Again, none of this is particularly novel – it’s a rather rote possession tale written in Cuneiform instead of Latin, though the transition is stronger than Whannell’s attempts to turn Wolf Man into Brundlefly – but a very clever twist on the mummy’s “wraps,” presented in a truly stomach-churning way, acts as an alarm clock for sleepy audience members. This is when Cronin starts to shift into overdrive, plunging into the depths of this family unit’s fractured psyches for pungent details. Maud’s fascination with losing her baby teeth? The brother’s guilt over his last interaction with his sister, in which he threw her favorite doll off a roof to see if a homemade parachute worked? Grandma’s beloved crucifix and constant prayers? All of these details – and more are taken and warped into macabre, gross setpieces that are, honestly, pretty funny (and intentionally so) when they’re not actively causing one to gag. One of the kills is punctuated by a cruel detail so out-of-pocket that it’s impossible not to laugh at, and this is exactly what Cronin did more economically in Evil Dead Rise to great effect.

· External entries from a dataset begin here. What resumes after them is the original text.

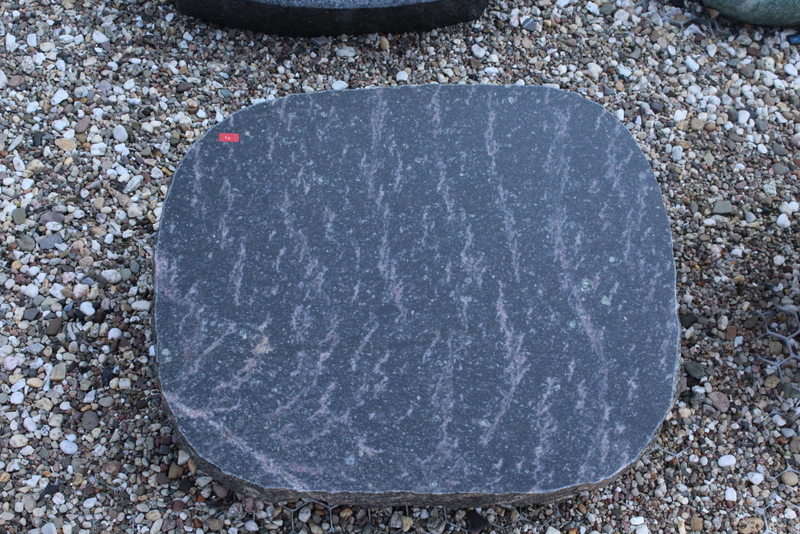 Nr. 14, 55x45x15cm, Granit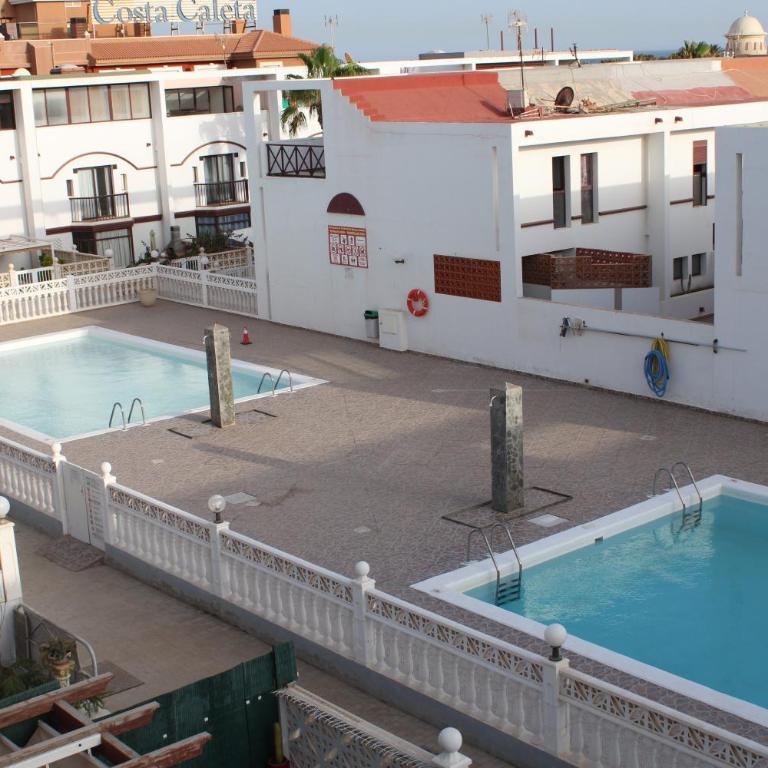 ROSET - Three-Bedroom House - 28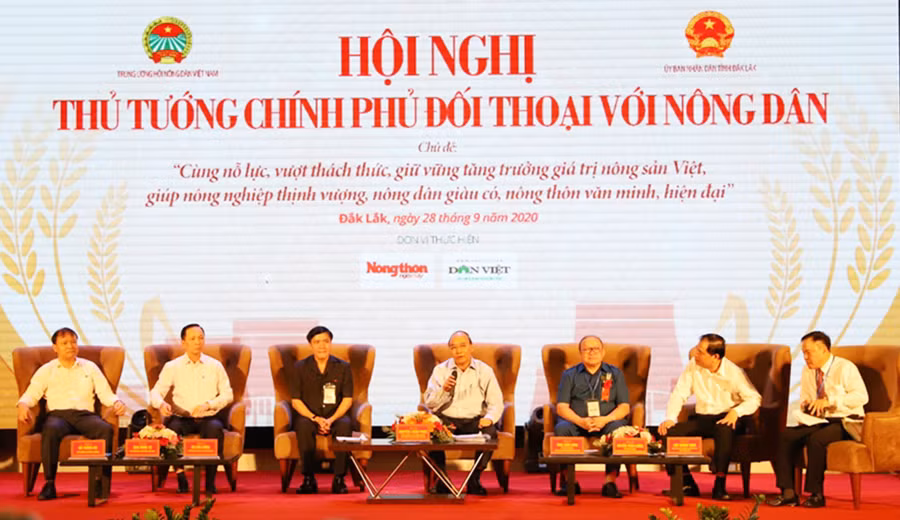 Thủ tướng Chính phủ Nguyễn Xuân Phúc và đại diện các bộ, ngành, đơn vị, doanh nghiệp chủ trì hội nghị đối thoại. Ảnh: Phan Lài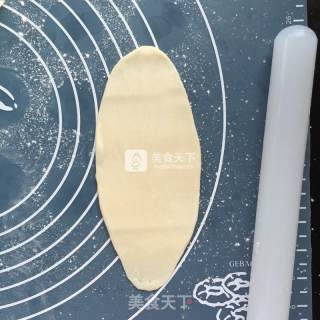 榨菜鲜肉月饼的做法步骤：10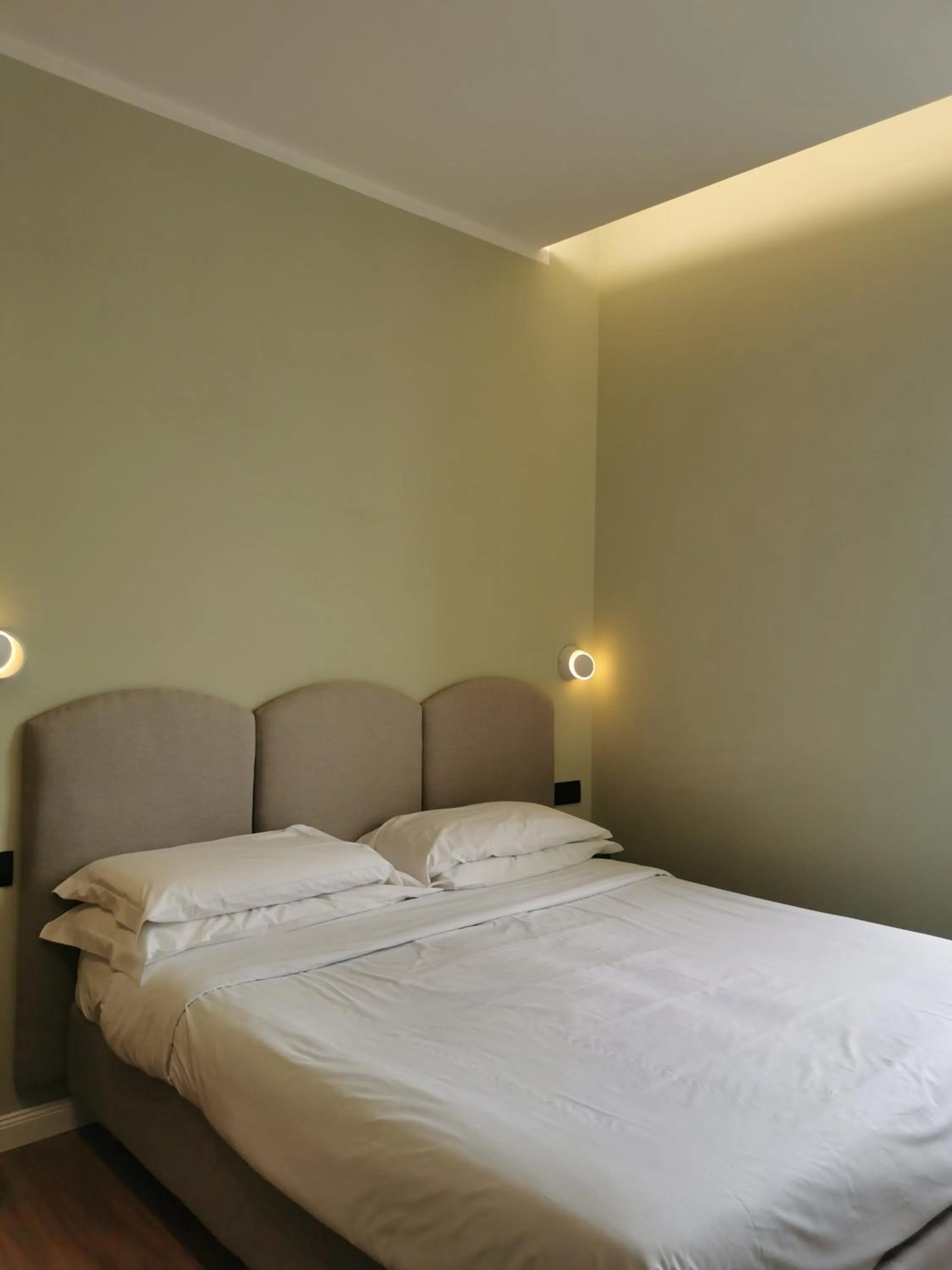 Bed in Albium Hotel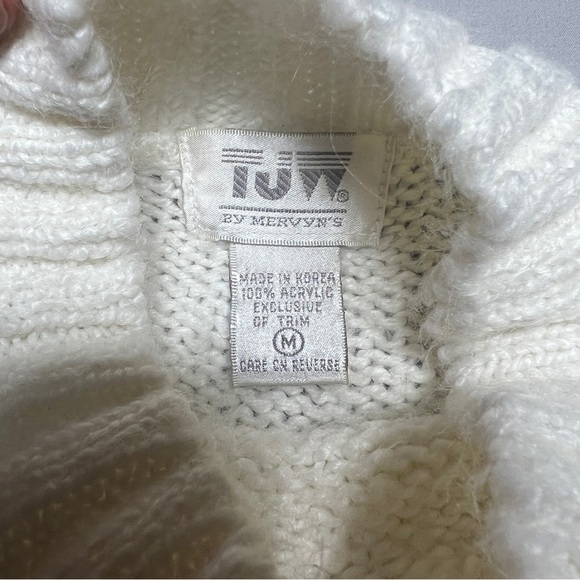 Vintage TJW by Mervyn’s Women’s white mock neck knit pullover sweater Size M - Picture 3 of 6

Yet it really is that first hour, with its creeping pace and uninvolving mystery, that acts as dead weight, even though it isn’t without its charms – Reynor and Costa are believable empathetic leads, the kids are great, and there are a few genuinely cool moments (such as the plane crash, unfolding in the background as a young Egyptian teen tries to fix his bike chain). Sustaining one’s interest until those rewarding kinetic sequences unfold shouldn’t be as laborious as it is here, which is why it feels so strange, as if Cronin were doing something that suggested it were Blumhouse’s The Mummy instead of his own. His interest sags, much like ours, when there’s not an assortment of bodily fluids pouring onto the floor or torn bits of tattooed skin rippling through the air.

I think, were this actually Lee Cronin’s The Mummy (Now With Less Interference From Producers), you’d have a taught, bleak-as-fuck 90 minutes of unimaginably gory, goofy horror. Instead, those terrors are kept under suffocating wraps, and it’ll likely be entombed in the Blumhouse vault once we get a Scorpion King with modern CGI come 2028. At that point, you’ll only be able to smell what The Rock’s The Mummy is cooking, rather than the embalming fluid and rotted flesh that Cronin wishes he could give you in Smell-O-Vision.